### What is needed:
Write out the full listing below exactly as given.

### Recorded data:

Content starts

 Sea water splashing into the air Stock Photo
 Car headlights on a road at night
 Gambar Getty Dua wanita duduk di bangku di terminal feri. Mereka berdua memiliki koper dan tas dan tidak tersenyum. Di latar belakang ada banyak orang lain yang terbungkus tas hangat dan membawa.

Content ends

### Output of the task:
 Sea water splashing into the air Stock Photo
 Car headlights on a road at night
 Gambar Getty Dua wanita duduk di bangku di terminal feri. Mereka berdua memiliki koper dan tas dan tidak tersenyum. Di latar belakang ada banyak orang lain yang terbungkus tas hangat dan membawa.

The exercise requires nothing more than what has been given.